Across the 94 Dark Sky Places in the United States, you’ll find friendly amateur astronomers and ample opportunities to gaze uninterrupted into the heavens. Consider picking up a red light headlamp—a hands-free way to illuminate your path but not obstruct the experience. Check the weather forecast, bring layers and plenty of water, tell someone where you’re going, and don’t forget to look down every once in a while. You can fall off a cliff if you’re not paying attention.

West Texas © Rex Vogel, all rights reserved

Big Bend National Park, Texas

The bend isn’t the only thing that’s big in one of America’s most underrated national parks—the number of stars you can see here is massive. Big Bend is an ultra-remote superstar. Located in far West Texas, you’ll find yourself with plenty of peace and quiet as you hike through desert canyons, marvel at the Chisos Mountains, or kayak down the Rio Grande. But don’t forget to save some energy for after dark: Big Bend’s extreme isolation makes it the least light-polluted of all the national parks in the lower 48 so that as the sun goes down the heavens explode with stars. Park yourself anywhere beneath its 1,112,000 acres of dark skies for a night and take it all in.

Grand Canyon National Park © Rex Vogel, all rights reserved

Grand Canyon National Park, Arizona

The Grand Canyon may be the best national park in America! That’s debatable. But it is the most recognizable and extraordinary place to stargaze. A few years ago, the Grand Canyon Village began retrofitting its lighting to be more dark sky-friendly and in 2016 was rewarded with Provisional Dark Sky status. Between that effort and its accessibility, Grand Canyon’s allure for the astronomically inclined is not up for debate.

Related: Exploring a State Park or National Park this Summer! How to Choose?

There’s an annual Grand Canyon Star Party held each June and the Desert View Watchtower is a popular spot for capturing the Milky Way with astrophotography. On a full moon night, take a ranger-led hike along the rim, or on other nights a ranger-led constellation tour. Here’s how to plan your visit.

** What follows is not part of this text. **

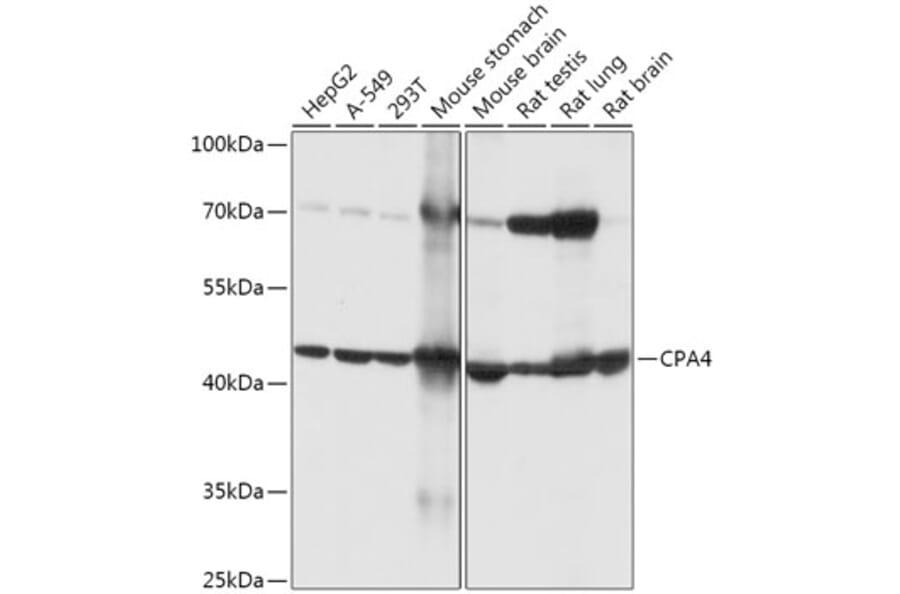 Western Blot - Anti-CPA4 Antibody (A308805) - Antibodies.com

Natural Bridges National Monument © Rex Vogel, all rights reserved

Natural Bridges National Monument, Utah

Like its state parks, Utah’s national monuments often hide in the shadows of its big five national parks. As such, only about 100,000 people visit Natural Bridges each year and most of those folks don’t stick around once the sun goes down. This is unfortunate—Natural Bridges became the first international Dark Sky Park back in 2007 owing to it having some of the absolute darkest skies in the country and countless astronomy events held through the summer. At night, the sky positively explodes with stars and celestial bodies and the canyon walls are pitch black in contrast to the celestial river that is the Milky Way rising over Owachomo Bridge. Let your gaze drift through the arch, upward and uninterrupted.

Worth Pondering…

I have long thought that anyone who does not regularly—or ever—gaze up and see the wonder and glory of a dark night sky filled with countless stars loses a sense of their fundamental connectedness to the universe.